Although Mount Kenya is the second tallest mountain in Africa, after Mount Kilimanjaro in Tanzania, its attractions have been overshadowed by Kenya’s premier products – the beach and safari.
Over the years, Kenya’s marketing campaigns in international markets have largely focused on the alluring white sand beaches at the Kenyan Coast and the wildlife hotspots such the Maasai Mara National Reserve, Amboseli National Park, Lake Nakuru National Park, Tsavo East and West National Parks.
According to KTB, Mount Kenya has the potential to woo more international holidaymakers including mountain climbers, given that it is part of the Mount Kenya National Park.
An area of 715 square kilometres around the centre of the mountain was designated as a national park and was listed as a Unesco World Heritage Site in 1997.
The scenery surrounding this designated heritage site is breathtaking.
It has pristine wilderness with lakes, tarns, glaciers, dense forest, mineral springs and a selection of rare and endangered species of animals, high altitude adapted plains game and unique alpine vegetation.
Wildlife include elephants, tree hyrax, white tailed mongoose, Suni, black fronted duiker, bush bucks, water bucks and elands.
Rarely seen animals include leopard, bongo and giant forest hog as well as more than 30 bird species.
KTB Chairman Jimi Kariuki said the marketing agency would prioritise promoting Mount Kenya in key markets such as the United States, the United Kingdom, France and Italy to attract more mountain climbers.

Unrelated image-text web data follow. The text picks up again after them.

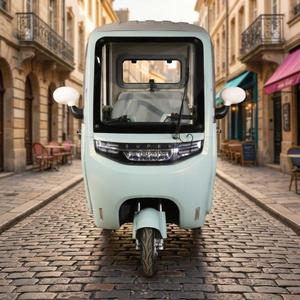 Tricycle cabine entièrement fermé à 3 roues, scooter de mobilité tout-terrain avec toit et portes - Product Image 2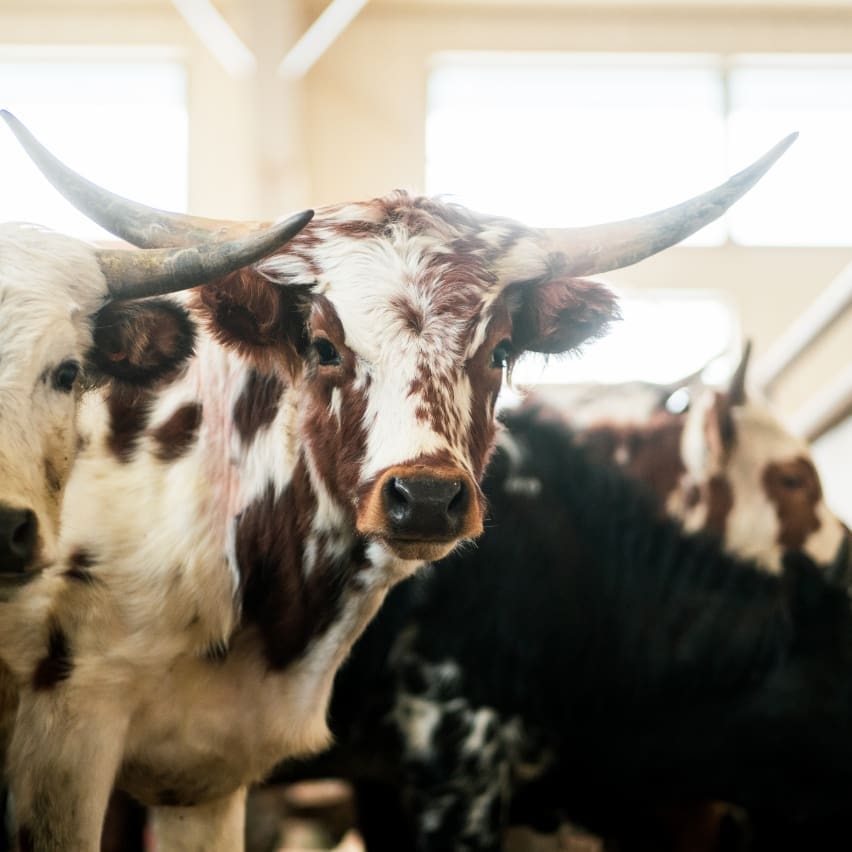 Spotted cow with horns staring at the camera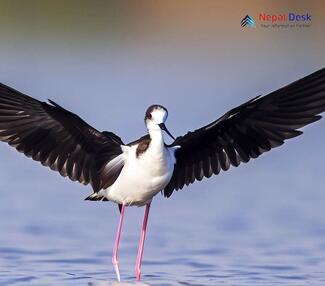 Black-winged Stilt Himantopus himantopus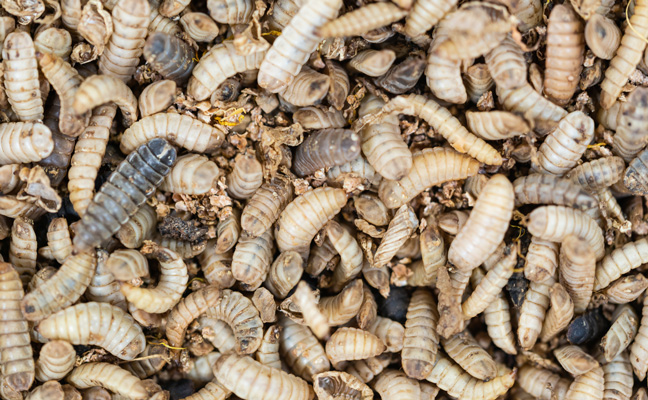PHOTO: ANTOS777/ISTOCK / GETTY IMAGES PLUS/GETTY IMAGES
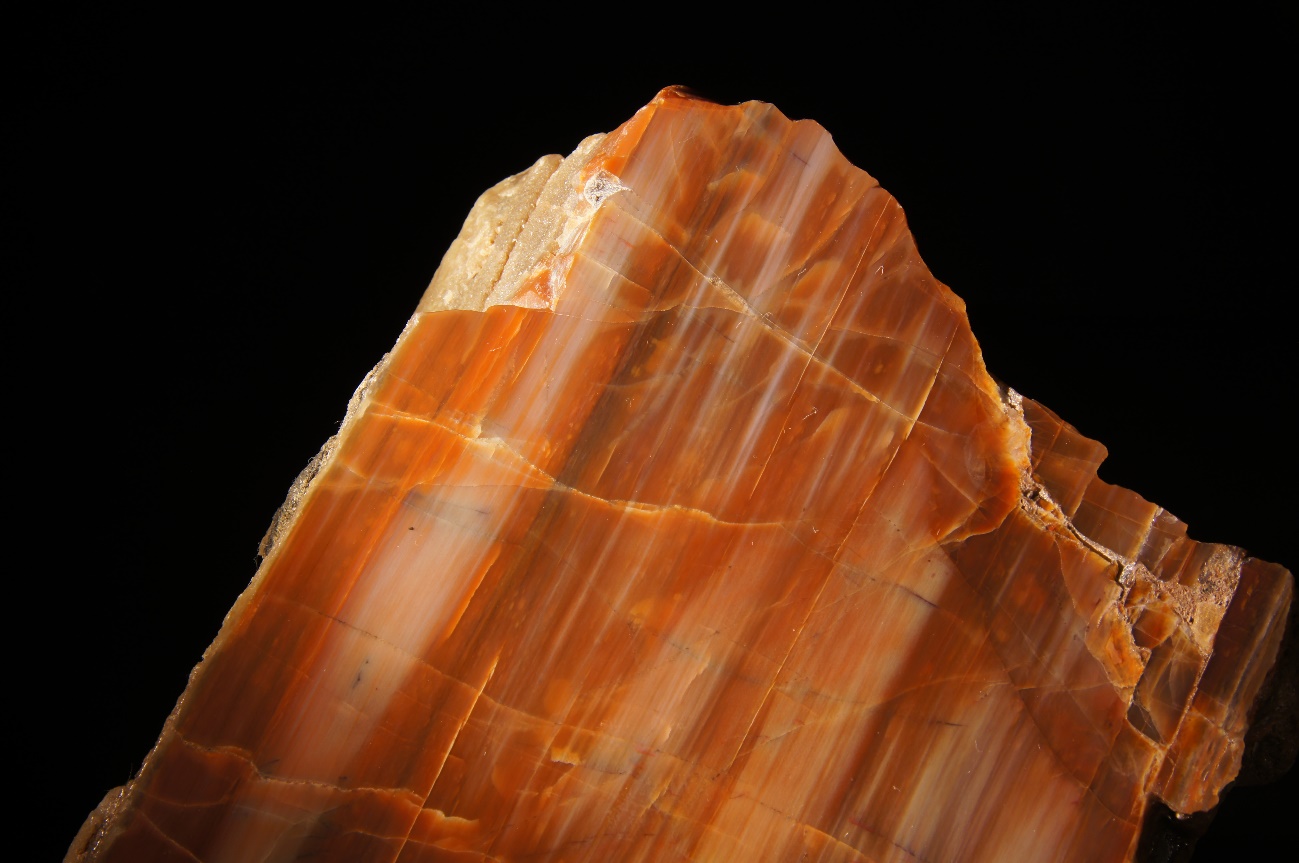 G:\2_FOTOS\MINERALES CONCURSO ELEKTRA\XILOPALO.JPG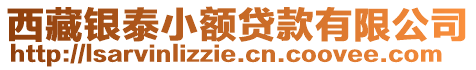 西藏銀泰小額貸款有限公司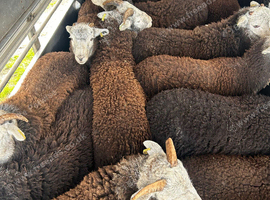 Herdwick lambs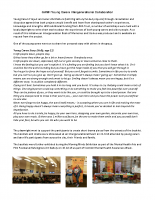 Intergenerational initial Report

“It is true that Mount Kenya has not been given much attention compared to beach and safari despite its natural beauty as well as the flora and fauna surrounding it,” he added.
Apart from mountain climbers, Mr Kariuki points out that the mountain can also attract wildlife enthusiasts and bird lovers.
Mt Kenya circuit
The KTB boss says when the mountain attracts more international tourists, it would help boost tourism in the Mount Kenya circuit.

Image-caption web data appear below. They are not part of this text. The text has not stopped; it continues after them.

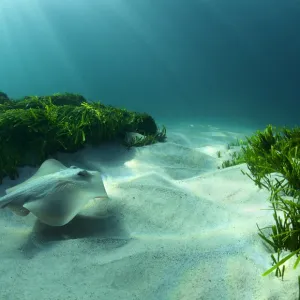 Sting ray at Bronte Beach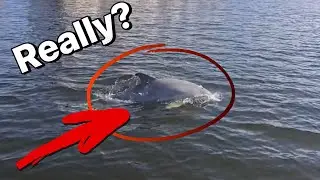 ROGUE DOLPHIN! (nearly stranded me) | Durney Key Island Tour & Waterfront Dining Adventure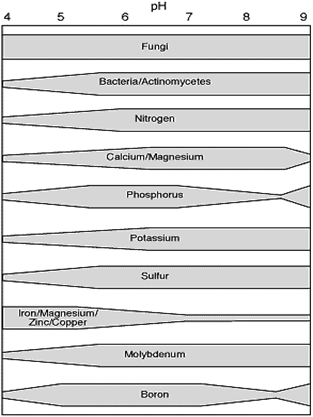 Soil Ph Level Chart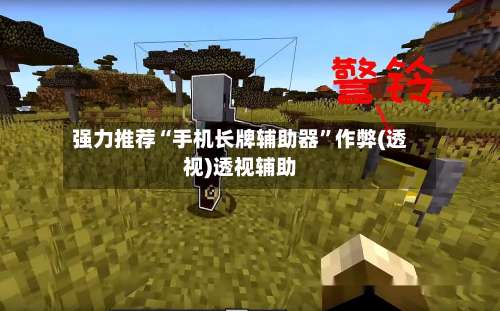 强力推荐“手机长牌辅助器	”作弊(透视)透视辅助-第2张图片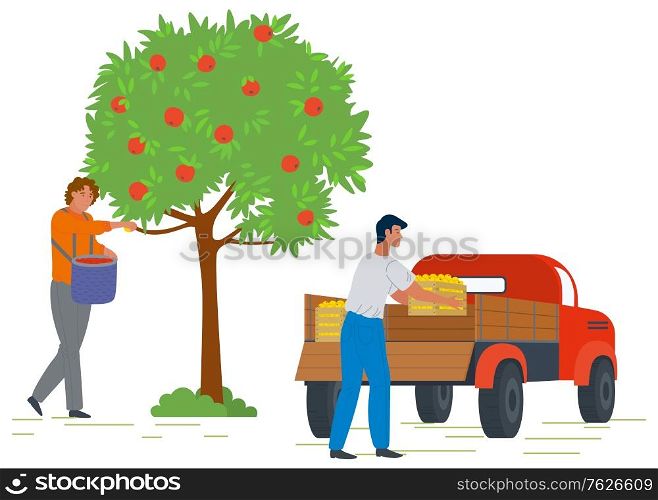 Male gardener picking fresh ripe red apples from tree and putting in basket. Man loading truck with fruit boxes. Harvesting concept vector Illustration. Pick apples concept. Flat cartoon. Picking Apples, Harvesting Concept Vector Image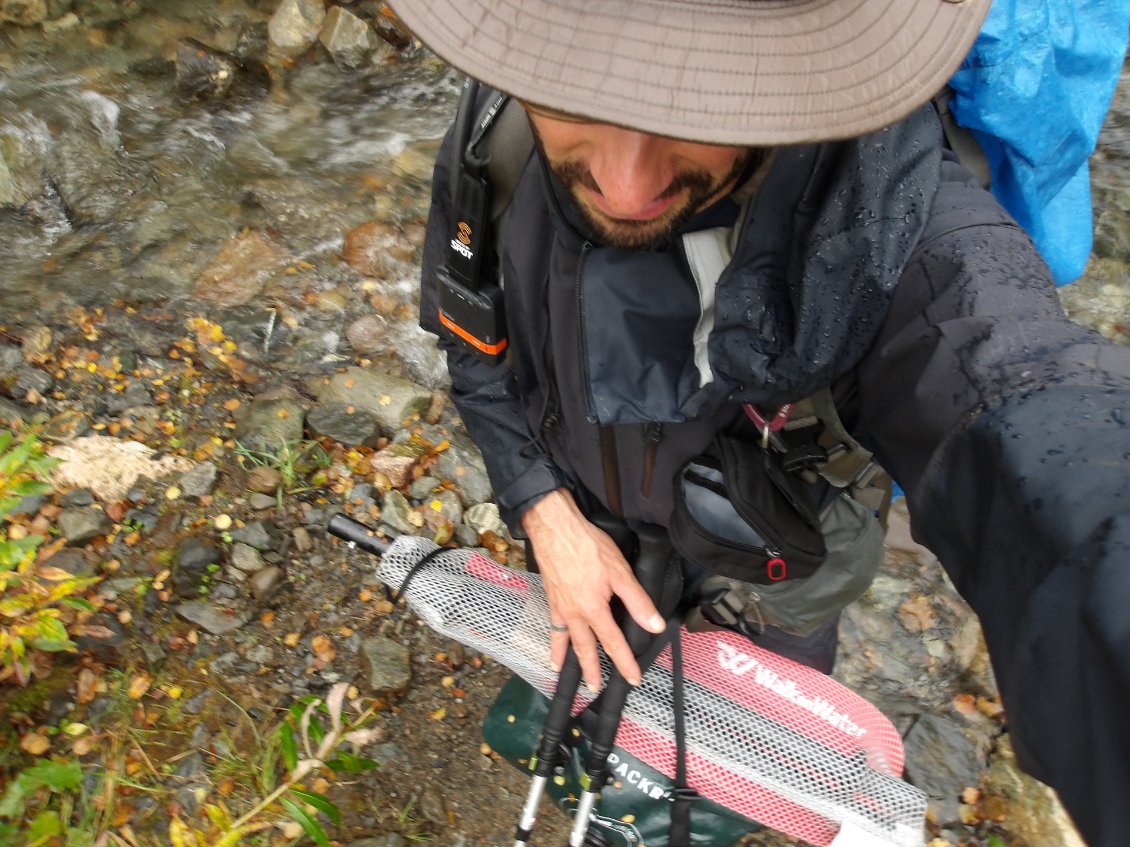 Positionnement ventral du barda au milieu d'une végétation dense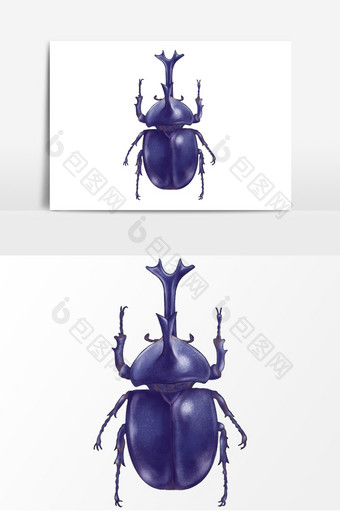 紫色昆虫独角仙元素图片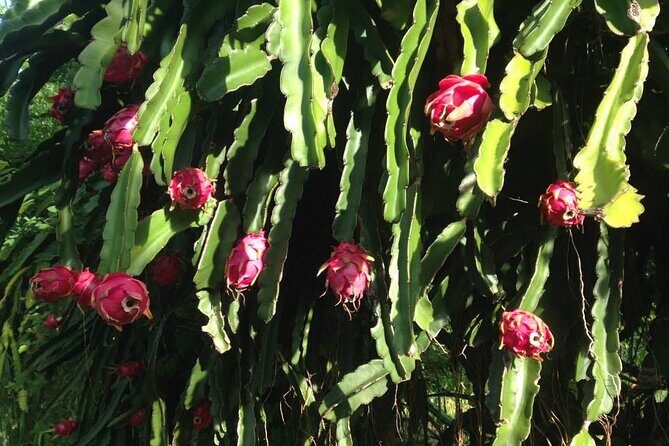 Pick and Taste Tropical Fruit - What to Expect During the Experience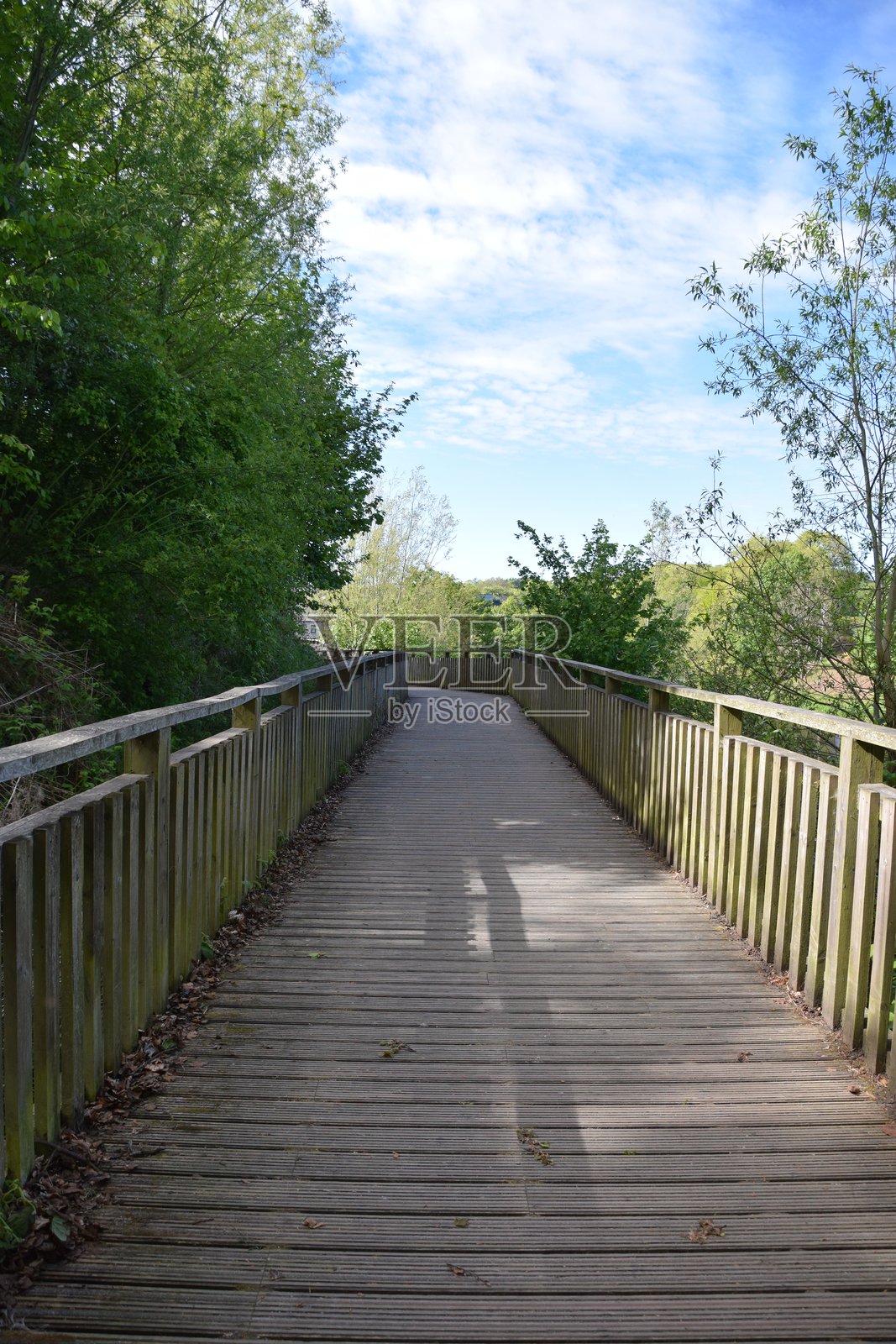 春天的西顿公园照片摄影图片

Mr Kariuki adds that apart from Mount Kenya, the country has unexploited attractions such as the World War 1 battlefields in Taita Taveta, diverse cultures, lakes, rivers and forests.

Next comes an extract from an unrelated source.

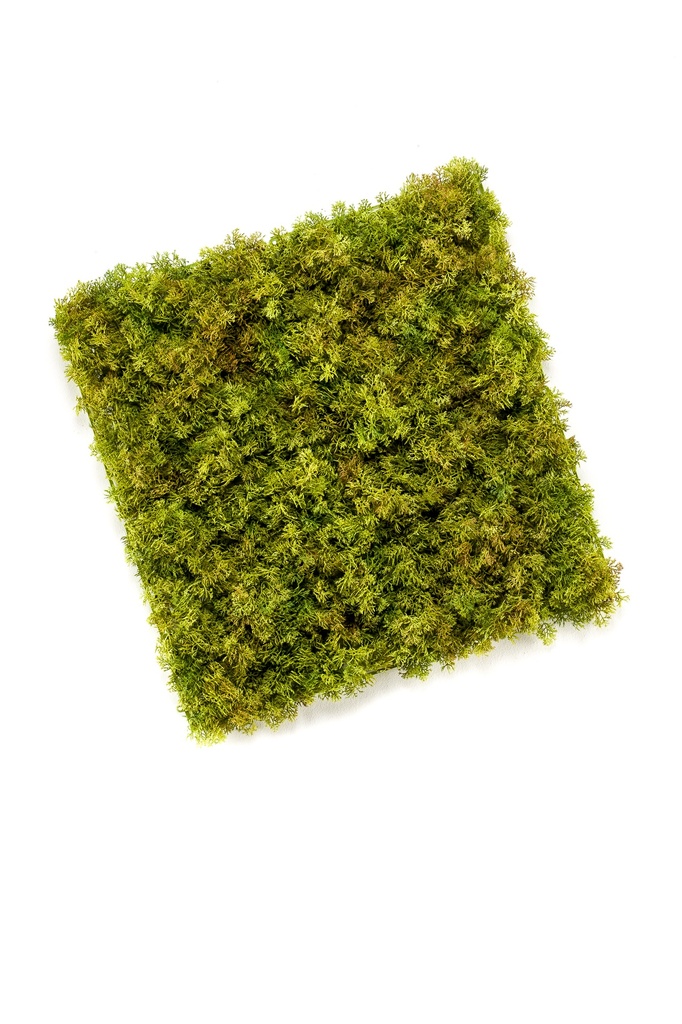 Mousse d'Islande en plaque résistant UV artificielle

For instance, Kakamega forest, he says, boasts 380 species of trees, 330 bird species, more than butterflies 400, 27 snake species and mammals.
Recently, the Kenya Tourism Board indicated that tourist numbers in Kenya might hit the 1.5 million mark by the end of this year.
Last year, Kenya received a total of 1.3 million tourists, with 877,000 arrivals from overseas markets while the rest were cross-border visitors.